→ Listed entries:
++++++++++++++++++++
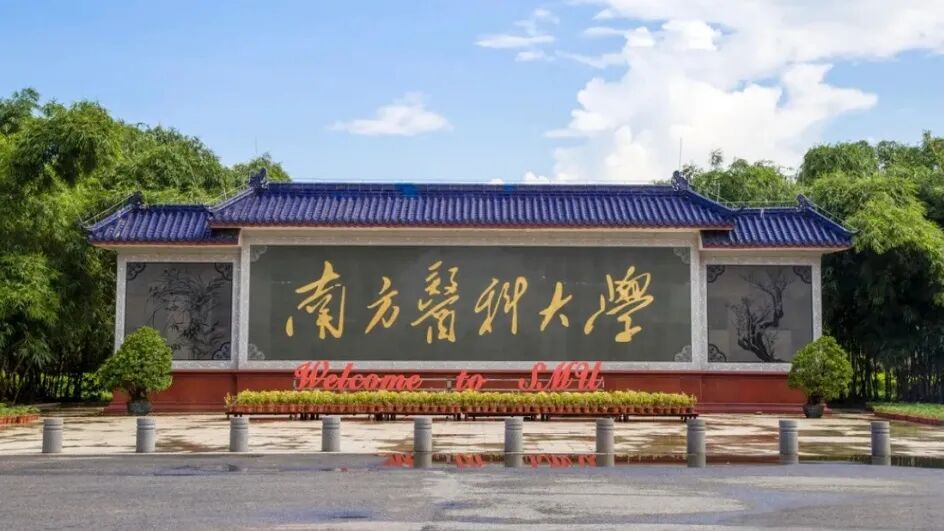 2024年成人高考南方医科大学本科专升本医学类报名招生简章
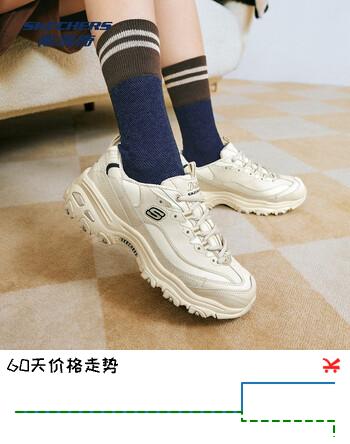 斯凯奇小白熊|女鞋秋冬季透气小白鞋增高复古老爹鞋运动鞋11931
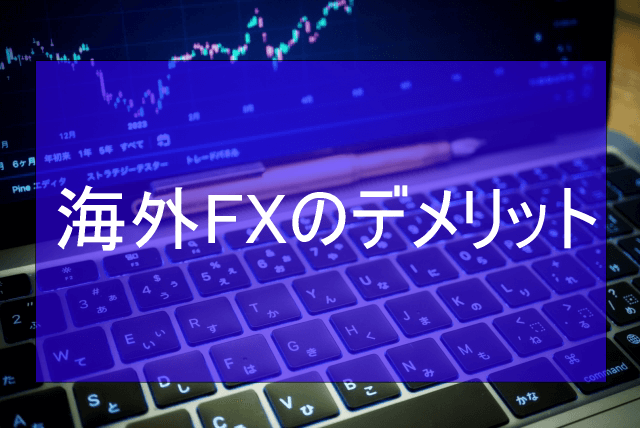 海外FXのデメリット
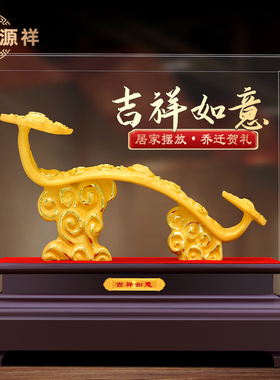 绒沙金吉祥如意摆件乔迁贺礼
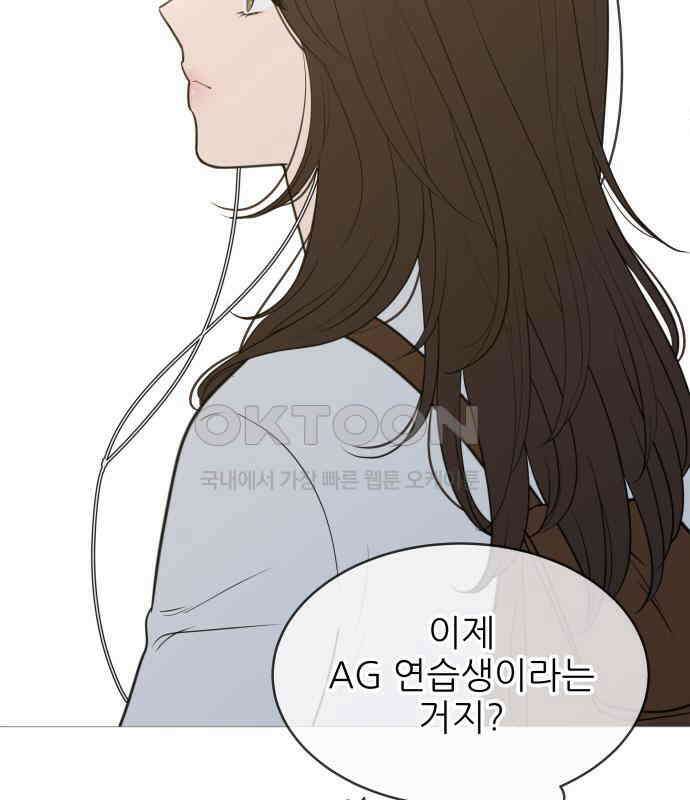 너의 미소가 함정 143화 8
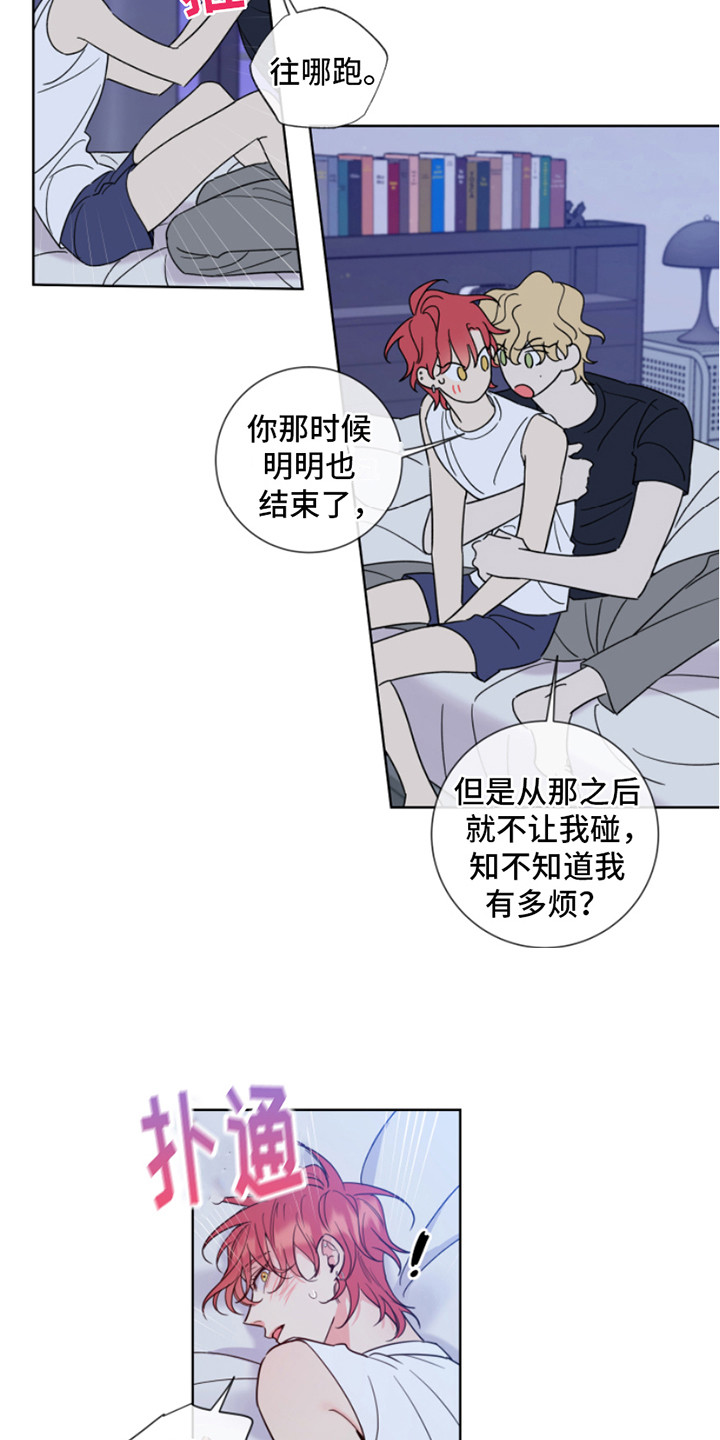 麻烦的爱情漫画,第9章：做准备 1图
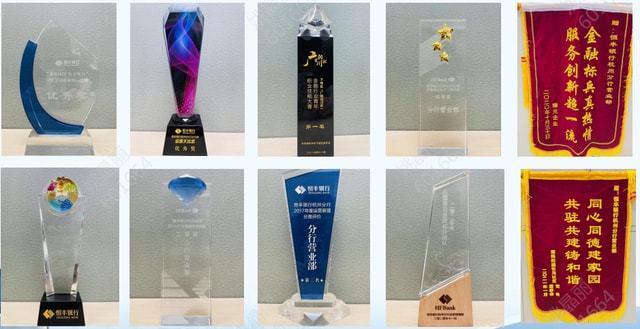 恒丰银行杭州分行两部门喜获“浙江省巾帼文明岗”荣誉称号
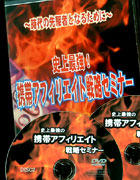 �h�y����̔��z�j��ŋ��I�g�уA�t�B���G�C�g�헪�Z�~�i�[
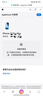 Apple/苹果【需签收激活】iPhone 17 Pro 256GB 深蓝色 支持移动联通电信5G 双卡双待手机 实拍图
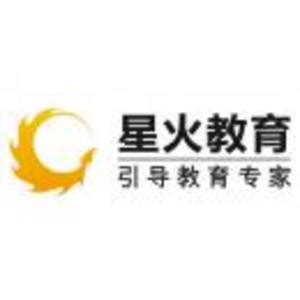 星火未来（天津）教育科技集团有限公司 - 爱企查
++++++++++++++++++++
→ Prompt: The line containing "너의 미소가 함정 143화 8" and every line after it, through the end of the records, are what you should retype exactly. Do not include the pictures.

→ Task output:
 너의 미소가 함정 143화 8
 麻烦的爱情漫画,第9章：做准备 1图
 恒丰银行杭州分行两部门喜获“浙江省巾帼文明岗”荣誉称号
 �h�y����̔��z�j��ŋ��I�g�уA�t�B���G�C�g�헪�Z�~�i�[
 Apple/苹果【需签收激活】iPhone 17 Pro 256GB 深蓝色 支持移动联通电信5G 双卡双待手机 实拍图
 星火未来（天津）教育科技集团有限公司 - 爱企查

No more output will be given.